*** DATA FOR PROCESSING Section Begins ***
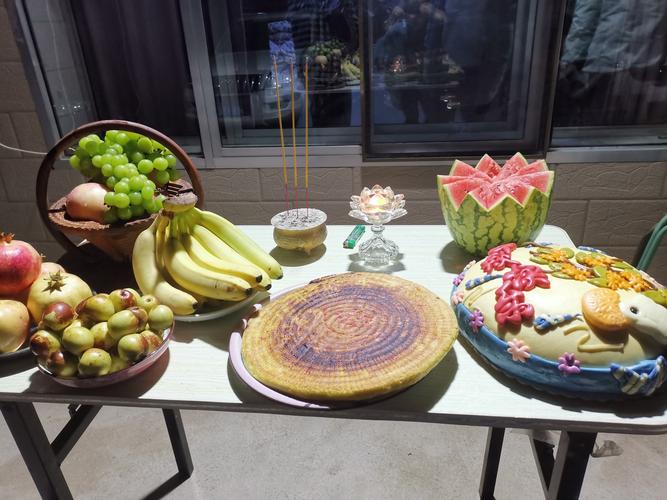 一家之主的我爸爸,虔诚的摆上了供月大桌,祈祷风调雨顺,健康顺遂,平安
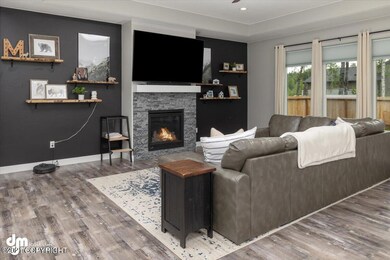 04-Living Room_DMD_4198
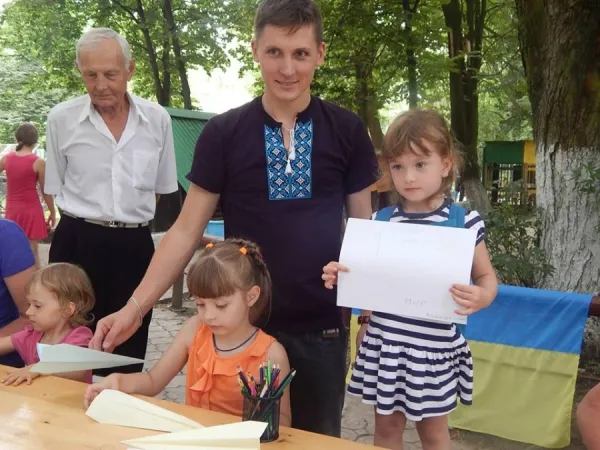 Відвідувачі Луцького зоопарку написали листи українським військовим на Сході — фото 3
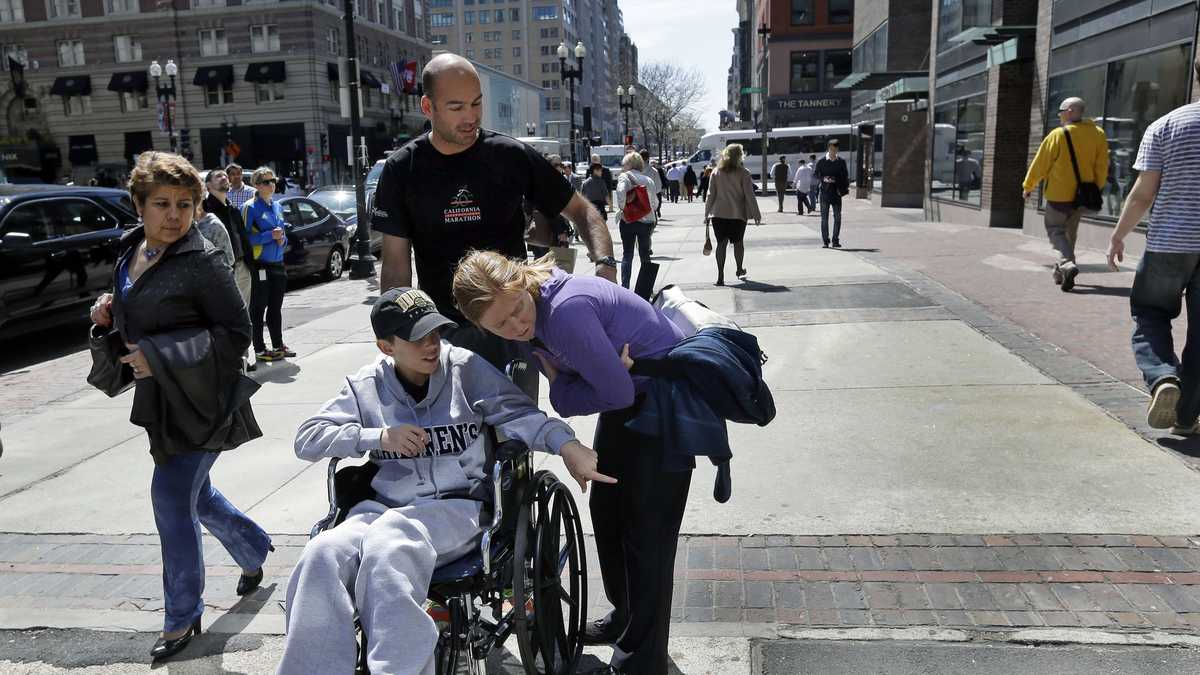 Red Sox rolling rally remembers Marathon bombing victims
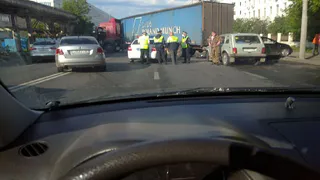 У "Автоприбора" столкнулись фура и "Газель"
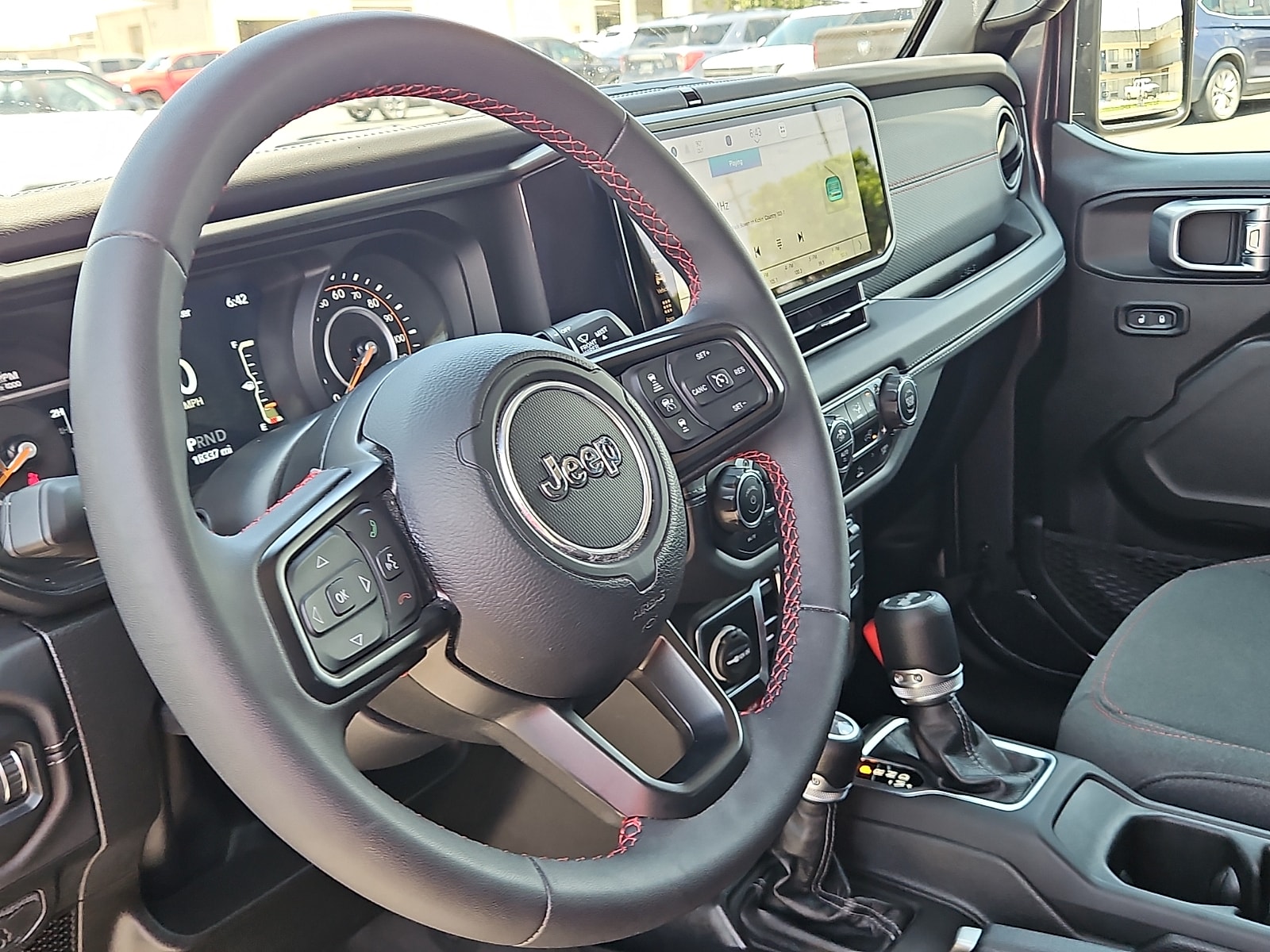 2025 Jeep Wrangler 4-Door Rubicon - Photo 12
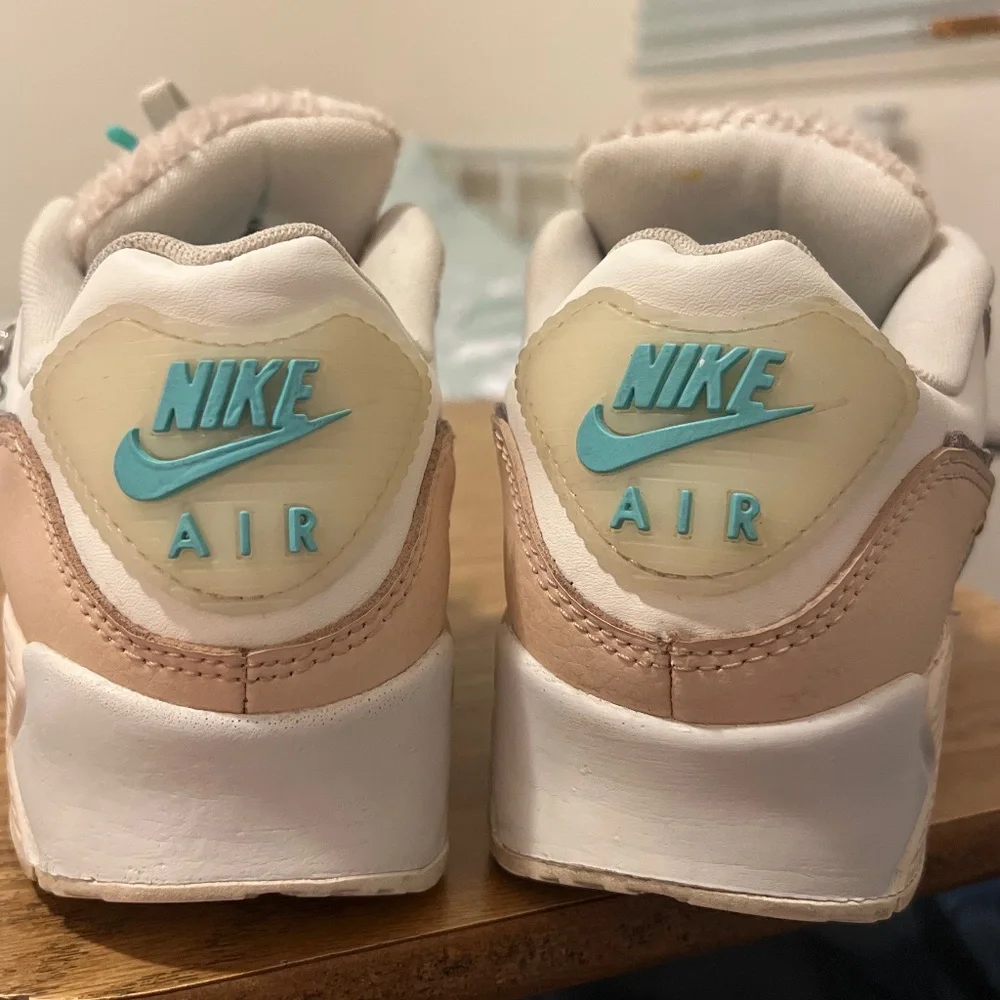 Nike Air Max - Picture 1 of 7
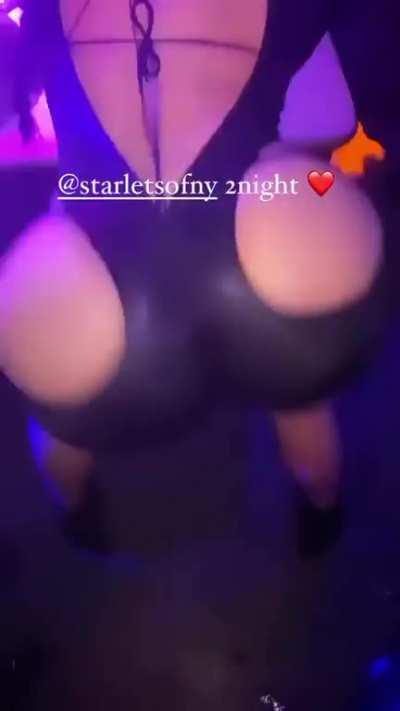 E.dot ass🍑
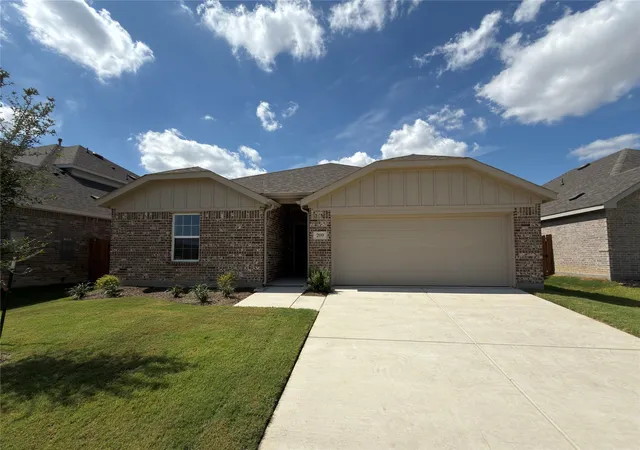 Photo 1 of Single family home for sale at 209 Patton Ln, Venus, TX 76084 | MLS# 21380647 | Listing updated on 2026-09-29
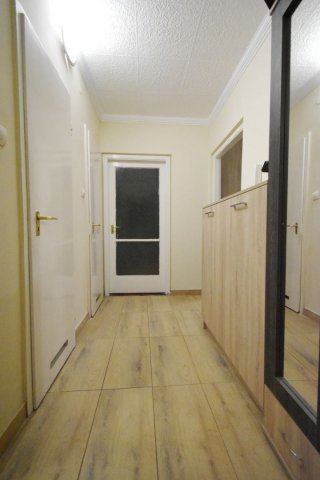 Eladó panellakás, Debrecenben 63.9 M Ft, 3 szobás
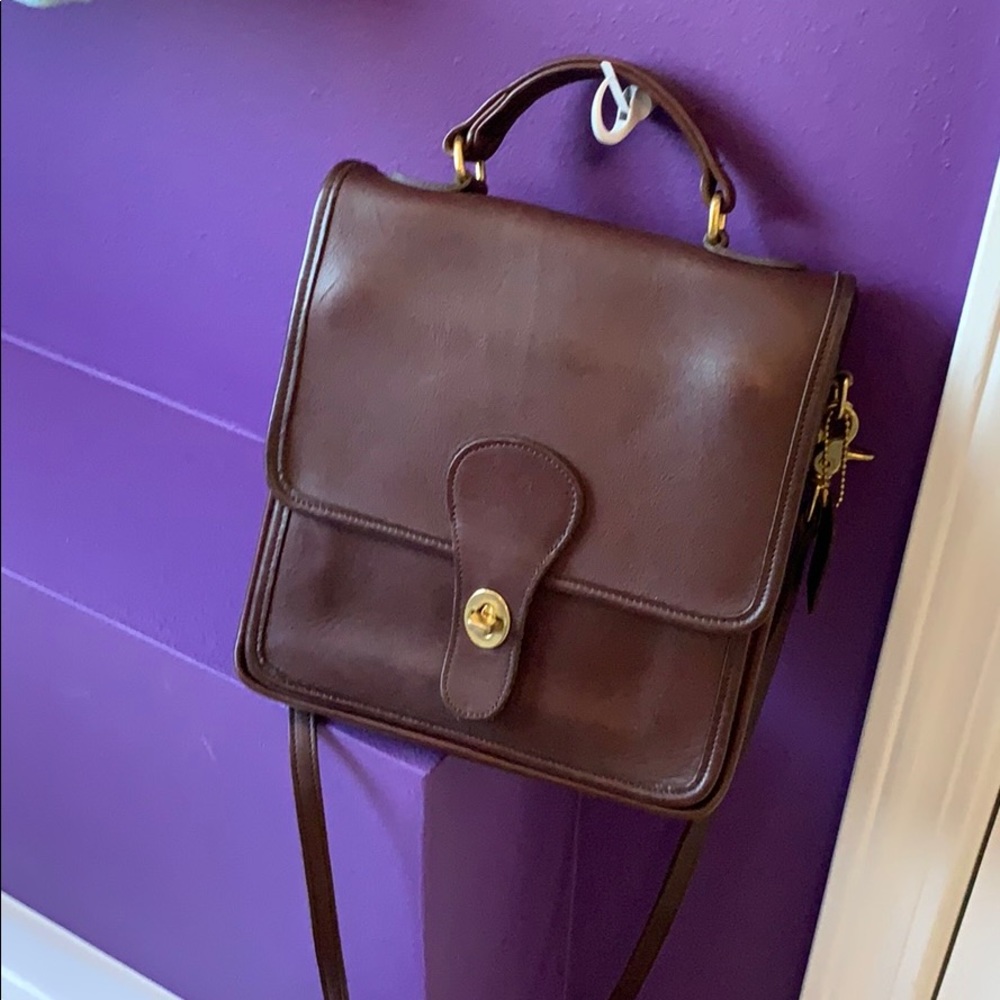 Vintage Genuine Coach brown leather purse !!!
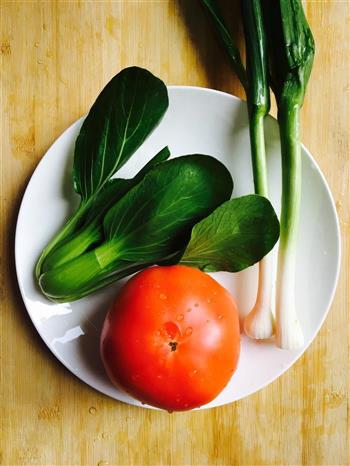 皮蛋西红柿疙瘩汤的做法图解1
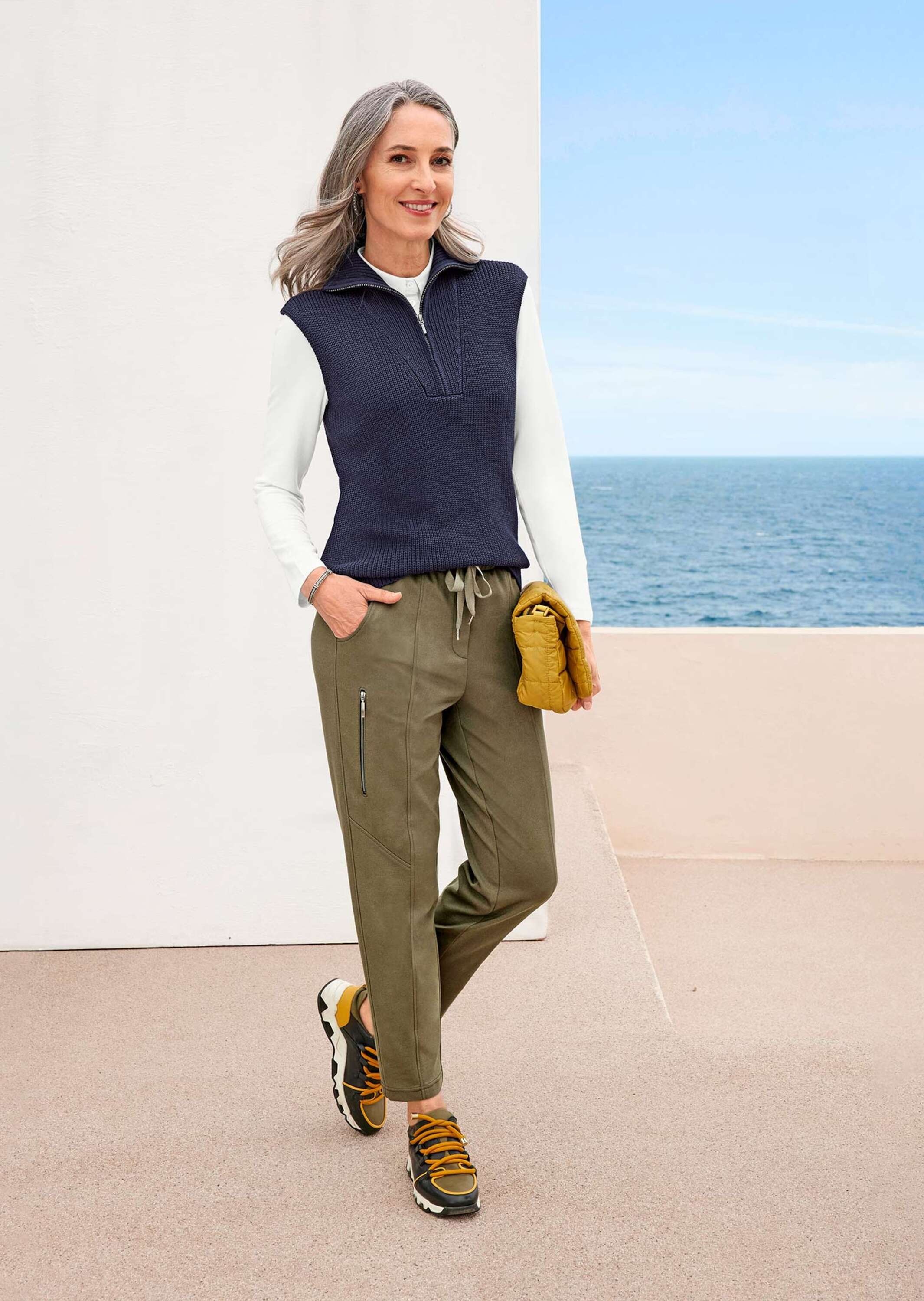 GOLDNER Pullunder »Kurzgröße Modischer Pullunder mit Troyerkragen«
*** DATA FOR PROCESSING Section Ends ***
:: EXERCISE PROMPT ::
Nothing but the lines from the line containing "Vintage Genuine Coach" through the last line of the records above should be written out, exactly and without the pictures.

:: COMPLETED TASK ::
 Vintage Genuine Coach brown leather purse !!!
 皮蛋西红柿疙瘩汤的做法图解1
 GOLDNER Pullunder »Kurzgröße Modischer Pullunder mit Troyerkragen«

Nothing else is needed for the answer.